Remdesivir is a direct-acting antiviral drug that inhibits a virus’ ability to replicate. The drug binds to the virus’ RNA, where the viral genetic information is housed, and blocks an enzyme called polymerase from reproducing thousands of copies of RNA strands in the host patient.

“It has actually shown really great in vitro activity against coronaviruses, specifically this novel coronavirus,” said Katherine Perez, PharmD, a clinical specialist in infectious disease at Houston Methodist.

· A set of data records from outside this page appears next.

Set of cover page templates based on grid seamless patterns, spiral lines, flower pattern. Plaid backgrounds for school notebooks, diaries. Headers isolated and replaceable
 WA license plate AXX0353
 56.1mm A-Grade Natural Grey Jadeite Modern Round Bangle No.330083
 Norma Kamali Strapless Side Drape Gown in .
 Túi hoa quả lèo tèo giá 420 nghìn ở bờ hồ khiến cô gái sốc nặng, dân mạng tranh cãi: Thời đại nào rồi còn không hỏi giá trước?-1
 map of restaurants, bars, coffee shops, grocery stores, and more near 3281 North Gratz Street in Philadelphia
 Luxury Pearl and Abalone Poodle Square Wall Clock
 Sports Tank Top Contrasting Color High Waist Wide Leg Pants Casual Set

Gilead first partnered with hospitals around the country in February 2020 to run safety and efficacy trials of remdesivir as a potential treatment for SARS-CoV-2, the virus responsible for COVID-19, and initiated two of its own Phase 3 studies. The following month, a number of hospitals began enrolling patients infected with moderate to severe COVID-19 for the double-blind clinical trial, meaning neither the researchers nor the patients know who is getting the treatment and who is getting a placebo. Houston Methodist was the fifth hospital in the country to participate in the clinical trial.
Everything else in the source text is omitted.